Quantum Boltzmann Machines for Sample-Efficient Reinforcement Learning
Thore Gerlach, Michael Schenk, Verena Kain
TL;DR
This work tackles sample efficiency in continuous-action reinforcement learning by introducing Continuous Semi Quantum Boltzmann Machines (CSQBMs), a hybrid quantum–classical energy-based framework that uses an exponential-family prior on visible units together with quantum hidden units to dramatically reduce qubit requirements while retaining expressiveness. It shows that gradients with respect to continuous inputs can be computed analytically, enabling direct integration into Actor–Critic schemes, and replaces the difficult global maximization in $Q$-learning with sampling from the CSQBM distribution to perform continuous $Q$-learning.

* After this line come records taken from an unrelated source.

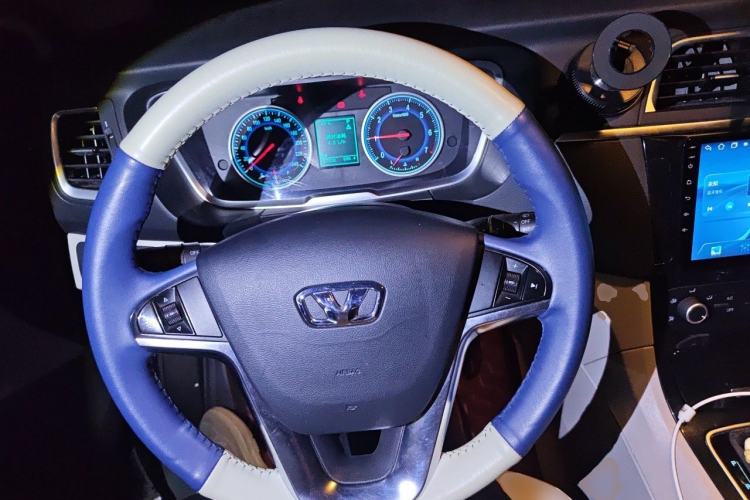 Used Huasong 7 2015 2.0T Automatic Comfort Model Steering Wheel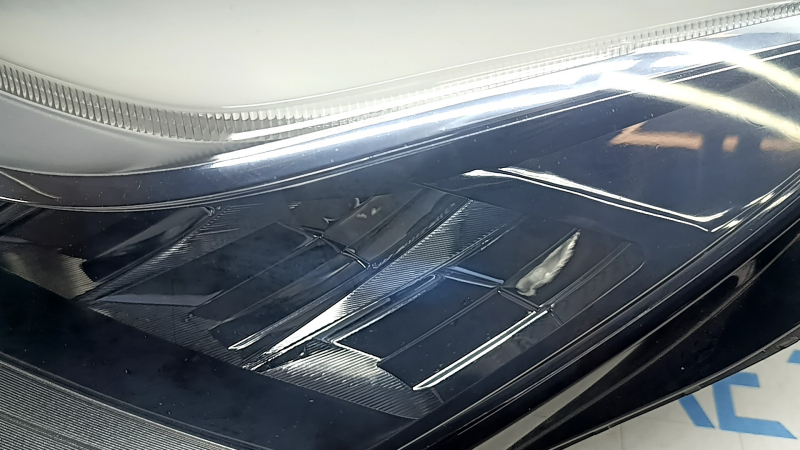Фара передняя левая Tesla Model Y 20-25 LED без крепления, сколы, царапины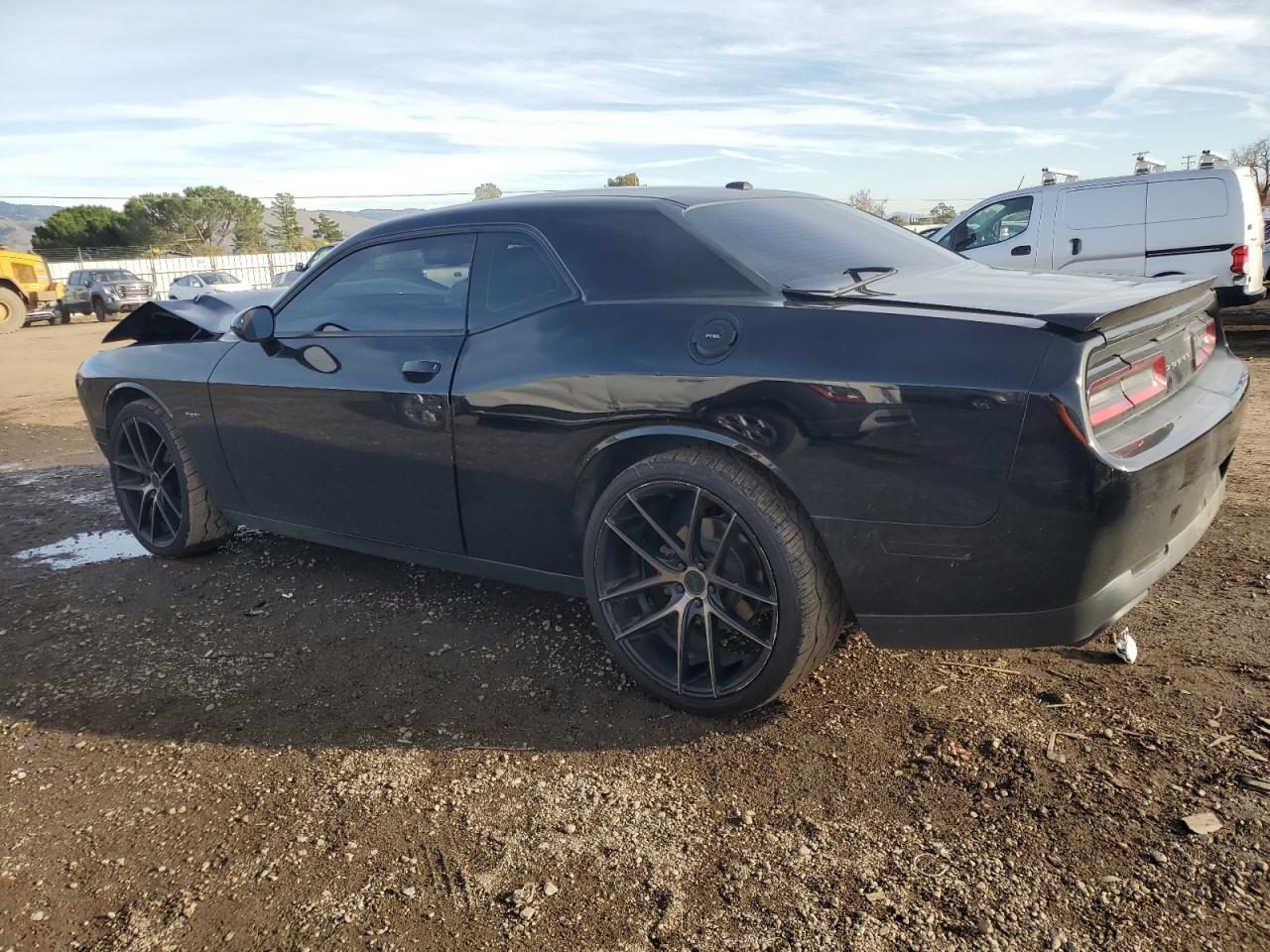 VIN 2C3CDZBT1HH571716 2017 DODGE CHALLENGER no.2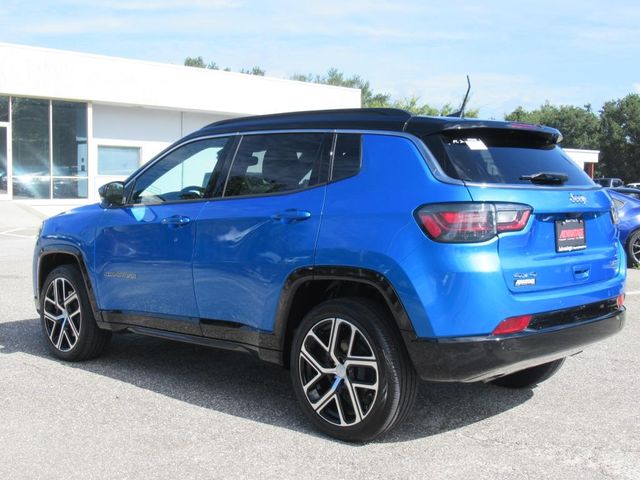 2024 Jeep Compass Limited photo 4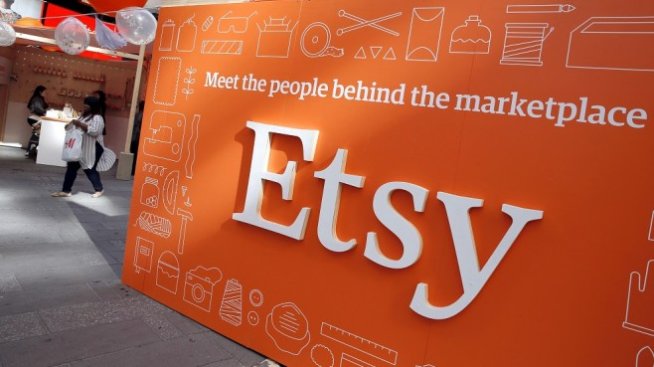 Книжата на Etsy записаха най-големия спад на цената си от четири години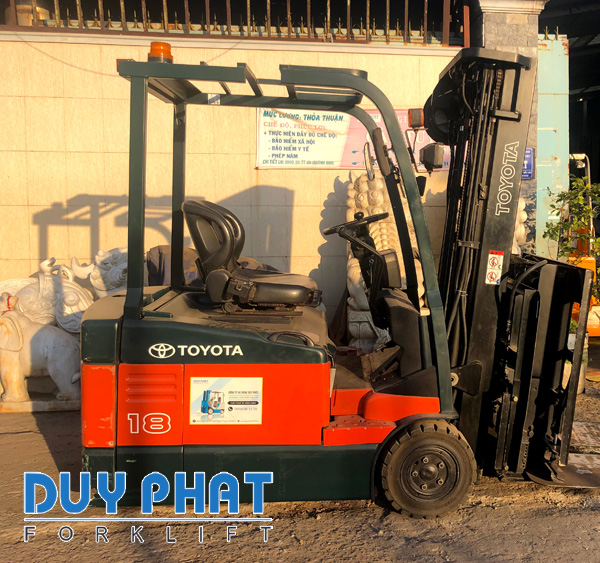 Xe nâng điện ngồi lái  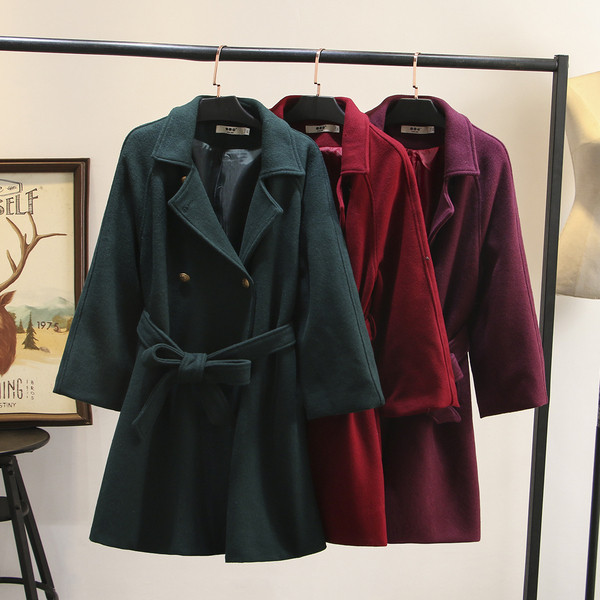 Μοντέρνο γυναικείο μακρύ παλτό με ζώνη και κουμπιά σε μωβ, πράσινο και κόκκινο χρώμα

Theoretical contributions establish a principled CSQBM formulation with tractable gradient propagation through visible units and a Gibbs-sampling-based inference mechanism that yields action samples via alternating $p(oldsymbol{a}|oldsymbol{s},oldsymbol{h})$ and $p(oldsymbol{h}|oldsymbol{s},oldsymbol{a})$ under efficiently preparable Gibbs states. The proposed approach promises improved sample efficiency and expressiveness for challenging continuous control tasks, with potential applications to precision physics settings such as beamline control at CERN.
Abstract
We introduce theoretically grounded Continuous Semi-Quantum Boltzmann Machines (CSQBMs) that supports continuous-action reinforcement learning. By combining exponential-family priors over visible units with quantum Boltzmann distributions over hidden units, CSQBMs yield a hybrid quantum-classical model that reduces qubit requirements while retaining strong expressiveness. Crucially, gradients with respect to continuous variables can be computed analytically, enabling direct integration into Actor-Critic algorithms. Building on this, we propose a continuous Q-learning framework that replaces global maximization by efficient sampling from the CSQBM distribution, thereby overcoming instability issues in continuous control.